In their book, Made for Goodness: And Why This Makes All the Difference, Archbishop Desmond Tutu and his daughter, Mpho, tell the story of Anglican Bishop Ambrose Reeves, a trailblazer for justice in South Africa. Reeves worked to correct inequalities between black and white children in the apartheid educational system and to defend political prisoners. Consequently, he suffered multiple deportations and did not live to see apartheid end. Of Reeves’ work, Tutu wrote:
In the span of his life, Ambrose Reeves failed. But each of his failures laid another paving stone to a free South Africa. He did not achieve the outcomes for which he worked in his time in South Africa, or even in his lifetime.

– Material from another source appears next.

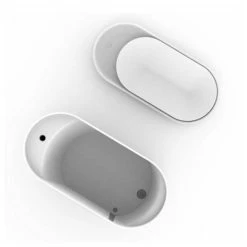 Meilleur prix 🥰 Trebs Humidificateur Pour 40m - Humidificateur D'air 😍 -Biemmedue Sales unnamed file 798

The change for which he strove did not come in time for him to see it. But he worked for the good. What he achieved was good enough in the short term. And ultimately what he accomplished was good and right.
…All of us can trust that choosing goodness will always, ultimately, result in creating rightness. And anyone can decide to choose goodness. Anyone can decide to set aside the tally list of successes and failures – and the stress and anxiety that accompany the task of keeping the list current. None of us can see eternity. None of us knows with perfect clarity what the end will be. But when we choose goodness we can be certain that, in the fullness of time, the end will be right.[i] (emphasis mine)
In Reeves’ predicament, no star appeared to light the way, no shepherds chased angels to the manger, and no wise men arrived with royal gifts of gold, frankincense, and myrrh. In his night, the silence chilled and the holiness hid if that night was silent and holy at all. Yet, Ambrose Reeves lived an Advent life, for he lived the longsuffering hope that by some incalculable grace, the goodness he chose to offer would bear fruit “in the fullness of time “ whether he ever tasted it himself.
Cliché gratitude that you don’t face the problems he did only squanders his gift. Instead, reflect on the goodness for which you work whether heroic or mundane, the goodness for which you hope without apparent results or a clear way to completion. Perhaps it involves someone for whom you deeply care, an injustice your community takes for granted, or healing you seek in your heart or in your relationships. Then consider the sacrifices great or small you make that go unnoticed but that you plant like seeds in expectation of a harvest.
As the season of Advent fades, keep it alive. Take a moment each day to offer this pursuit of goodness to God in prayer, asking for strength and for a foretaste of its fruits. Then ask for the peace that passes understanding, that comes with the sense of Christ’s presence in your surrendered life. Ask that when your good work comes to fruition, that God’s pleasure will warm your soul.
At the very least, you will honor and emulate the late, great Archbishop Tutu. Furthermore, you will honor the less known but equally great Ambrose Reeves whose example Tutu followed and commended. And known or unknown as you may be, you will be counted in their company.
[i] Desmond M. Tutu and Mpho A. Tutu, Made for Goodness: And Why This Makes All the Difference. (New York: HarperCollins, 2010), pp.124-125.
Loved this article, it hit home for me
Glad to know that, Elizabeth. Thanks.